The Sun Saboteurs
- Ace Double cover of The Sun Saboteurs
- Author: Damon Knight
- Language: English
- Genre: Science fiction
- Publisher: Ace Books
- Publication date: 1961
- Publication place: United States
- Media type: Print (Paperback) (magazine)
- Pages: 101

= The Sun Saboteurs =

1961 novel by Damon Knight

The Sun Saboteurs is a 1961 science fiction novel by American writer Damon Knight. Its topic is expatriate Earthmen living on an alien planet, and their daily hardships in dealing with their status as a minority group among aliens.
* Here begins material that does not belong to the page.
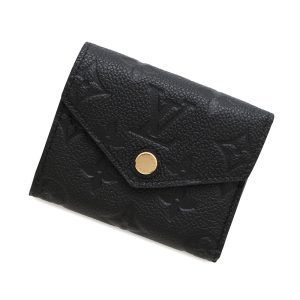 LOUIS VUITTON Portefeuille Zoe NoirM62935 Monogram Empreinte Leather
The story first appeared in 1955 in the form of a novella, entitled "The Earth Quarter", in If magazine . An expanded version was published by Ace in 1961, bound dos-à-dos with G. McDonald Wallis's The Light of Lilith as Ace Double F-108. It was reissued under its original title in the omnibus World Without Children and The Earth Quarter; and in the UK under the original title in the omnibus Two Novels.

==Synopsis==

In the future, Earth has been devastated by war and disease and supports only a primitive agrarian society. Most Earthmen live elsewhere, as émigrés on planets that are populated by alien species. The author suggests that the human species is the only one plagued by "original sin", i.e. by an innate tendency to lie, cheat, kill; aliens have come to accept these traits without understanding them. The story takes place among a group of humans in the "Earth Quarter", a ghetto on the planet Palu that is populated by an insect-like alien race called the Niori. The story opens with a visit by a representative of a political group, the "Minority People's League", which endorses the return of humans to their ancestral planet and accommodation with the aliens. The envoy is attacked and murdered by a group of thugs who see all aliens as inferior to humans and who seek retribution for humans' second-class status. Their leader, Rack, commandeers a space ship and convinces a group from the Quarter to follow him as he establishes a new colony on an uninhabited planet. Instead, Rack puts them to work building "total-conversion bombs" and begins a campaign of using the bombs to destroy the suns of alien solar systems (hence the "sun saboteurs" of the title). Eventually Rack is stopped by a fleet of galactic (alien) ships, but he barely escapes and returns to Palu. The humans murder him, but are nevertheless forced by the Niori to leave. At the story's close, the humans are preparing to board a ship for Earth.

==Critical reception==

Rich Horton writes "The novel is very well written -- from the first it is clear we are in the hands of a real writer... The action is mostly in a minor key, and the entire feel is both sad and bitterly cynical."